Mais peut-être, au fond, votre intention (c'est l'intention qui compte) est-elle autre. Et là, nous rentrons non pas dans le mystère insondable de la subjectivité mais dans celui, tout aussi complexe et insondable de la psyché. Ce que je retiens de vos interventions, c'est que vous êtes apaisé par rapport à la question du jugement. Je m'en réjouis pour vous (car, bien que ne sachant pas qui vous êtes, vous m'êtes spontanément sympathique).

Les rapports du jugement et de la culpabilité m'ont toujours beaucoup intéressé. Contrairement à ce que l'on pourrait croire dans un premier temps (au temps de ma jeunesse, mais je suis moins passionné maintenant), ce n'est pas l'absence de jugement qui permet de réduire la culpabilité. C'est le contraire. C'est le jugement qui permet de gérer de façon supportable la culpabilité. Sans le jugement (ça n'existe pas mais admettons) la culpabilité de l'individu serait ingérable, elle ferait des dégâts dans sa psyché, de gros dégâts même.

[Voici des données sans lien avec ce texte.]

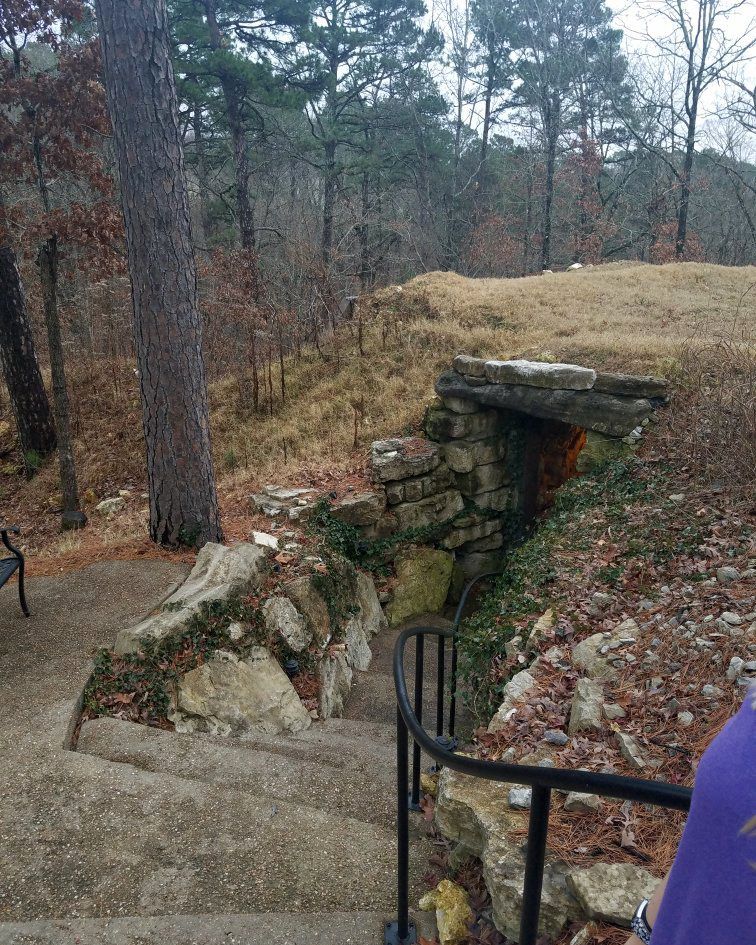 Eureka Springs Hobbit Cave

Mais je m'enthousiasme, je me passionne, je redeviens jeune. Et tout ça à propos de roman ! Voyez comme nous sommes, cher monsieur, toujours prompts à dévier du sujet. Pardonnez-moi de ne pas citer le dictionnaire, je n'en ai plus depuis longtemps (depuis qu'on trouve tout sur internet). Et encore merci pour votre contribution. Avec ma complicité d'auteur sur le site depuis 2020.

Publié le 12 Décembre 2022

@Gabriel Schmitt, Eric. En ce qui me concerne, je n'ai ressenti aucune connotation à l'adjectif "subjectif", c'est "jugement subjectif" qui a inspiré ma remarque (voui, c'est pinailler) : un "jugement" (opinion portée sur une personne ou un événement"), me semble déjà très largement "subjectif", comme tout, me direz vous, dans ces débats où généralement prévalent les opinions. Bonne journée, et comme on dit : avec ma complicité d'autrice.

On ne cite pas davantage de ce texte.